Priests and vicars have not been slow to get off their knees to give vacuums of sympathy to victims of violence and sinister warnings to the sinners. The practicality of their advice in the aftermath of the violence is well summed up in the words of the Archbishop of Liverpool, the Most Reverend Derek Worlock, who after the destruction in Toxteth proclaimed “Out of the ashes of these last days must come new life and new hope.” But then if you believe that the ultimate control of the affairs of mankind lies with a force beyond the skies, what else can you offer those suffering from socially produced hardship, but hope?

In certain degrees of poverty, especially at a time of economic crisis when there is no hope on the horizon, pent up frustration will be likely to burst into violence among those who have not considered the cause of their problems and sought to remove it. The dashed hopes and bitterness of most of those in the recent upsurges were not so much to do with the conditions of employment as the condition of unemployment. Hundreds of thousands of young members of the wealth producing class have left school in recent years to go directly on to the dole queue. The feeling of rejection and uselessness which this creates contributes to their resentment of their environment. In Toxteth, to take one example, with thousands of young people leaving school, significantly just about the time the riots broke out, the local career office was offering only 12 jobs. In the city of Liverpool, according to the latest unemployment figures, 81,000 people were chasing 1,019 job vacancies. Other factors like aggressive policing and routine stop-and-search tactics will have obviously aggravated the tensions.

The fact that the bursting frustration and desperation expresses itself in the ferocity of the riot is understandable. Capitalism is a social system which is shot through with everyday forms of “respectable” and institutionalised violence from the teacher’s cane and the policeman’s truncheon to the government’s tanks and bombs. From the most lighthearted comic book to the late-night documentary on the brutalities of Northern Ireland or Afghanistan we are confronted with images of violence as a method of trying to cause social change. The deeds of those participating in the riots were thoughtlessly destructive. Cars, shops and homes of fellow members of the working class were irrationally ruined. It was a foolish misdirection of anger.

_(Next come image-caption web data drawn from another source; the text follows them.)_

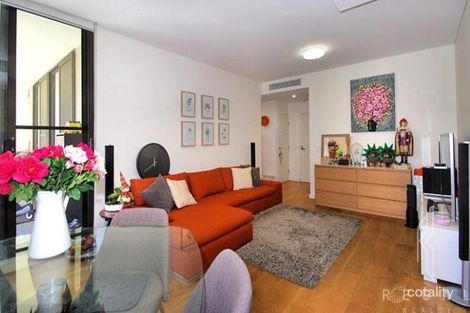 Property photo of 405/21 Verona Drive Wentworth Point NSW 2127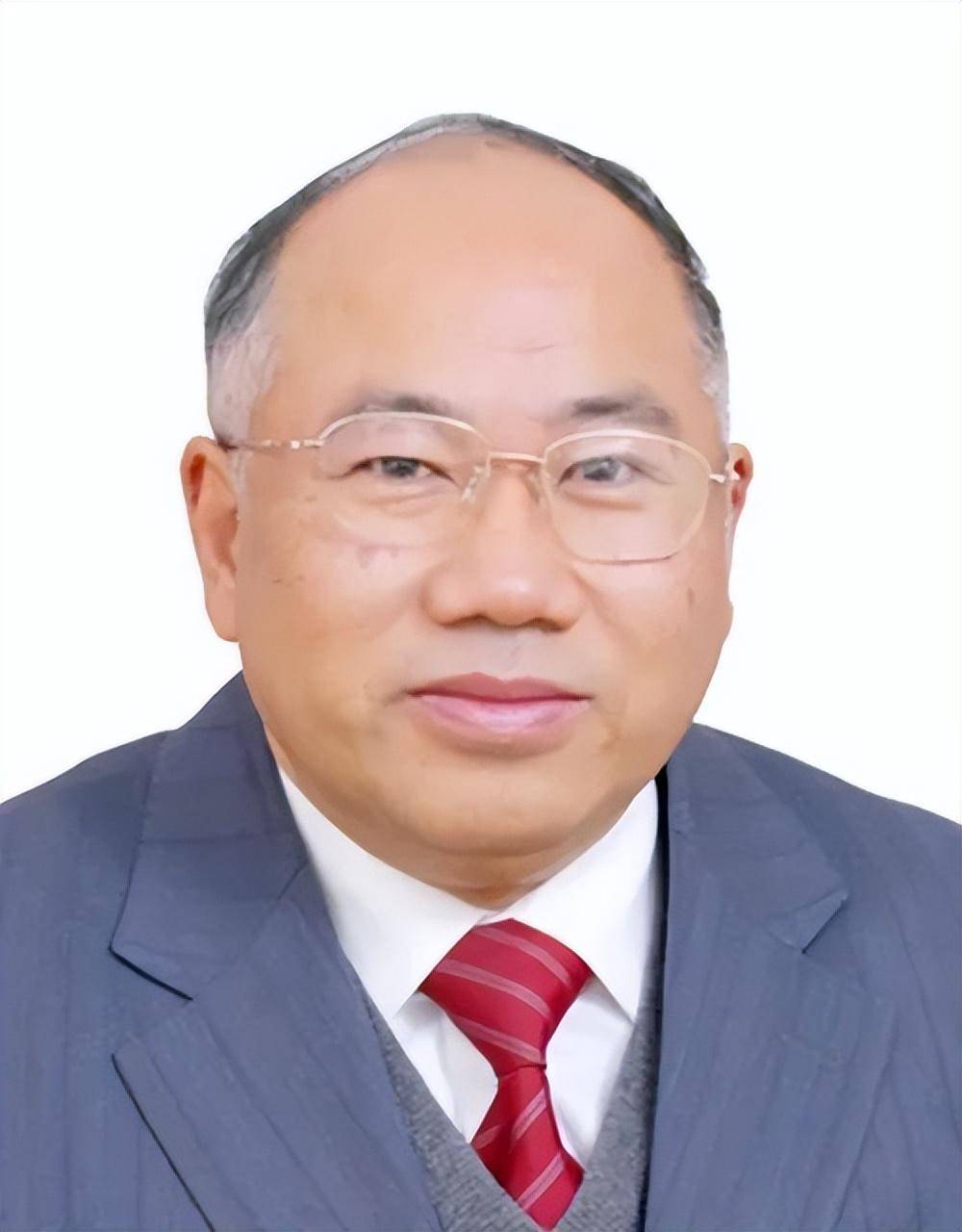 全国名中医连建伟,年逾古稀仍工作在一线,他的养生秘籍值得学习_中医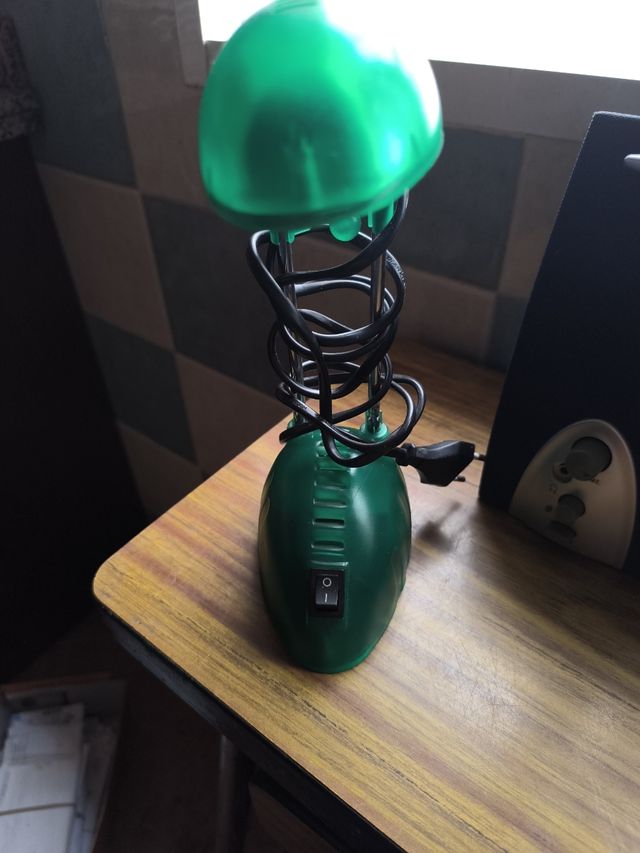 Lámpara escritorio verde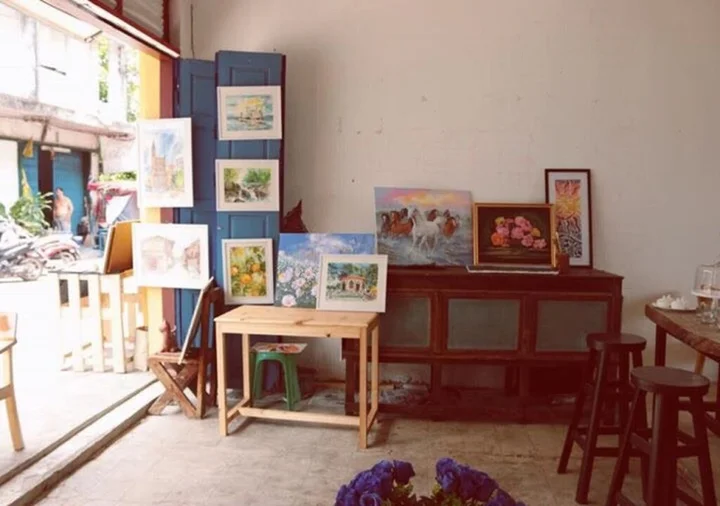 Столичный район Чантхабури: At Rimnam Chan Hostel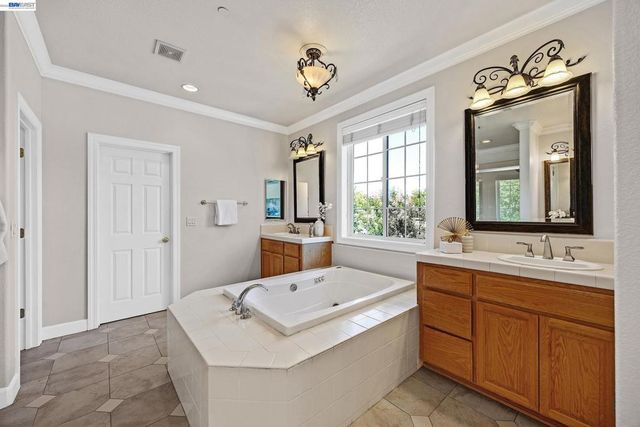 4855 Piper Glen Ter, Dublin, CA 94568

Where do we go from here? It is possible for capitalism to attempt to quell the areas of extreme deprivation by pumping money into housing, industry and welfare for the poverty to become just endurable. The riots which broke in southern America in the late 1960s had their immediate causes treated with giant expenditure on welfare relief payments to the poorest families and training programmes for ghetto youngsters. The profit-system will not be burnt away, neither will it be dislodged or smashed with bricks. A few riots, even large scale rebellions, can easily enough be quashed by the authorities, and usually the rioters will be in a worse condition after the insurgence than before it. But, to borrow from Friedrich Engels, there is no power in Britain which could for a day resist the British working class organised as a body.